One of the major obstacles that mortgage lenders face in the current environment is that many potential borrowers feel they would not be eligible for a mortgage loan if they applied – so they never do.
This is partly due to stricter lending standards resulting from new regulations as well as lenders' own internal overlays designed to protect them from potential lawsuits and loan buybacks. In addition, media reports showing that the U.S. job market and overall economy remain weak, despite some recovery since the Great Recession, are causing many potential borrowers to believe that now is not a good time to purchase a home.Â Â
Lenders are well aware of this shift in attitude. A survey of mortgage executives conducted by private mortgage insurance provider Genworth Financial during the Mortgage Bankers Association's (MBA) Secondary Conference in February shows that 66% believe that many eligible borrowers do not feel they can realistically purchase a home.
‘Everything that private mortgage insurance stands for is about helping more borrowers become homeowners,’ says Rohit Gupta, president and CEO of Genworth MI, in a release. ‘Many qualified borrowers are uncertain about their own eligibility so it's critical for our industry to be proactive about encouraging homebuyer education as a tool to help borrowers fully understand how the home buying process will work for them.’
The survey also reveals that most lenders feel it will take more time for the Federal Housing Administration (FHA) to get its reserves to the required levels than was originally expected, following the recent reduction to FHA's mortgage insurance premiums: About 65% of executives say it will take between one and three years for the FHA to reach its required capital levels due to the cut enacted in January.

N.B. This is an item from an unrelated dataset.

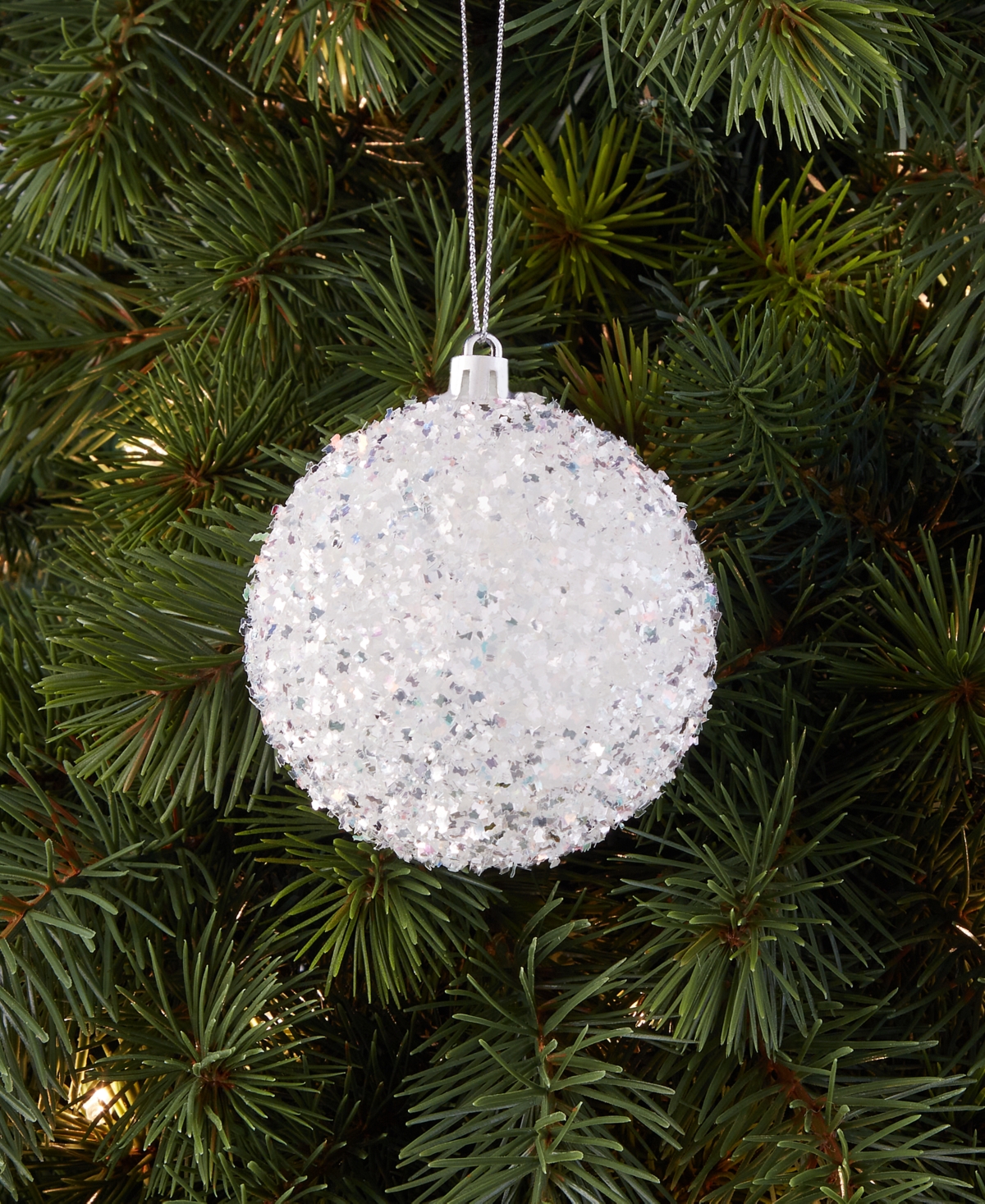 Holiday Lane Iced Delight Glitter Beaded Snowball Ornament, Macy's Exclusive In Transparent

Additionally, 88% of respondents do not foresee a major impact to FHA indemnification levels as a result of the premium reductions, believing they will either remain flat or increase by 1% to 5% over the next 12 months.
Interestingly, 53% of senior executives say their businesses will be impacted by the Private Mortgage Insurance Eligibility Requirements (PMIERS) while only 38% of non-senior executives expressed the same concern.
Senior executives also showed more concern (44%) than the rest of the industry (37%) about the anticipated revisions to the PMIERs by government-sponsored enterprises Fannie Mae and Freddie Mac with regard to lender paid mortgage insurance premium plans.
In related news, Genworth recently revamped its homebuyer education website so that it is more user-friendly. The new course is self-paced and contains seven fewer required registration fields than the industry average, the company reports. It is also the first fully mobile platform of its kind and the first to conform to the national industry standards for homeownership education and counseling.